If, after reviewing the reasons given by the CO for not proceeding with the charge, the officer or non-commissioned member of the CFNIS still believes that the charge should be proceeded with, the officer or non-commissioned member may refer the charge directly to a referral authority.[13]  So, let’s not fool ourselves into believing that the CO is much more than a rubber stamp.

That said, in light of the current Op HONOUR atmosphere, it is difficult to conceive that a CO would choose not to proceed with the charge, so we will assume that Sgt Fumbles’ CO applies to the referral authority for disposal of the charges.[14]  Let’s assume that Sgt Fumbles belongs to a unit in 4th Canadian Division (4 Cdn Div).  The referral authority would likely be Comd 4 Cdn Div.  Although Comd 4 Cdn Div is not a Commander of a Command (4 Cdn Div is a formation), he has been granted the powers of an Officer Commanding a Command by the Minister of National Defence (MND) in the Ministerial Organization Order (MOO) issued by the MND creating that formation and the position of Commander 4 Cdn Div.

Since there is likely a Brigade Commander (or other formation commander), to whom Sgt Fumbles’ CO is responsible for matters of discipline, she must also copy that commander on the application.[15]

Comd 4 Cdn Div will then refer the matter to DMP for disposal.  Note that, under QR&O 109.05, the Referral Authority has very little discretion.  Save for very narrow circumstances, the referral authority is obliged to refer the charge(s) to DMP.  The only time a Referral Authority may refer the charge back to the CO or Superior Commander making the application for referral is if the Referral Authority believes the CO or Superior Commander has adequate powers of punishment.  This discretion only applies where the referral was made on the initiative of the CO or Superior Commander.  It does not apply where an accused has elected trial by court martial or where a court martial is the only military tribunal with jurisdiction.  Thus, Comd 4 Cdn Div must refer Sgt Fumbles’ charge to DMP.

Both the CO and the Comd 4 Cdn Div will be obliged to seek the advice of their unit/formation legal advisor (LegAd) in the conduct of their duties.  I suggest that, where a charge is laid by the CFNIS, it is unlikely that the unit legal advisor will closely scrutinize the merit of the case.  Some might; but I suggest that, for most, that is not their focus.  Mostly, their roles will be to ensure that the correspondence that the CO and Referral Authority use for referral cite the appropriate legislative authorities and include the requisite commentary to ‘assist’ DMP with his eventual functions.  Mostly, these LegAds assist with preparing the letters used to refer the matter to DMP and in ensuring that the statutory actors, who exercise little, if any, discretion, perform these limited statutory roles correctly and efficiently.

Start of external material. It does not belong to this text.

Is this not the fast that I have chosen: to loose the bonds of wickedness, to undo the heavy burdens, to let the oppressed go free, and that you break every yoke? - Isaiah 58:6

I do not offer these comments as criticism of the unit legal advisors.  After all, prior to the charge being laid, the CFNIS would have sought legal review from a prosecutor in the CMPS – not just a prosecutor, but a SMART prosecutor – whose principal duty is to perform that review.  Moreover, they will also be aware that the military prosecutor to whom this matter is eventually assigned by DMP will also conduct post-charge screening.  Besides, in my experience, most military prosecutors are not particularly concerned about the views of unit legal advisors.  This last comment, I fully acknowledge, is a criticism; however, it is grounded in actual experience.

The referral to DMP could proceed relatively quickly – e.g. between 1 and 4 weeks from the date the charge is laid to the date that it is received by DMP.  Or it could take longer.  Many unit legal advisors I know pride themselves on ensuring that the referral process is not the ‘weak link’ in the court martial process.  A referral would almost certainly proceed faster than the actual CFNIS investigation.

Once the referral of Sgt Fumbles’ charge is received by DMP, he (or, more accurately, a Deputy DMP, acting on behalf of DMP) would assign the matter to a prosecutor.  That prosecutor would then conduct charge screening.  That could take about a month, but I have also encountered circumstances where the screening takes 4 to 6 months.

 

Tangent #3 – A Second Charge Screening?

I have always found this duplicative process intriguing.  And far from efficient.

In the civilian criminal justice system, it is typical for an Assistant Crown Attorney to conduct post-charge screening when charges are laid before a court of competent jurisdiction.  The time for such screening can vary.  In my experience, this tends to be conducted as fast as, or faster than, what arises in the ‘military justice system’.  But we also have to remember that civilian prosecutors are dealing with a markedly larger volume of matters.

But the timeframe for screening is not what intrigues me (although I do sometimes find it frustrating when it takes a long time).  In the civilian criminal justice system, save in specific matters (e.g. serious or high-profile matters) the first opportunity that the Crown Attorney (or, more accurately, an Assistant Crown Attorney) typically has to screen the charge is after the charge is laid.  Not so in the ‘military justice system’.

As I mention above, the DMP Policy on Charge Screening asserts that “Often when a Prosecutor is called upon to provide pre-charge advice the file may be incomplete as compared to the file at the time of court martial.”  I disagree with the accuracy of this assertion.  On the contrary, I suggest, based upon my own experiences, that the CFNIS almost always seek pre-charge screening only when the investigation is considered (by them) to be complete.  In fact, I contend that this is CFNIS policy and, in an application I recently argued before a civilian court of criminal jurisdiction, the CFNIS investigator who testified confirmed that this is their policy.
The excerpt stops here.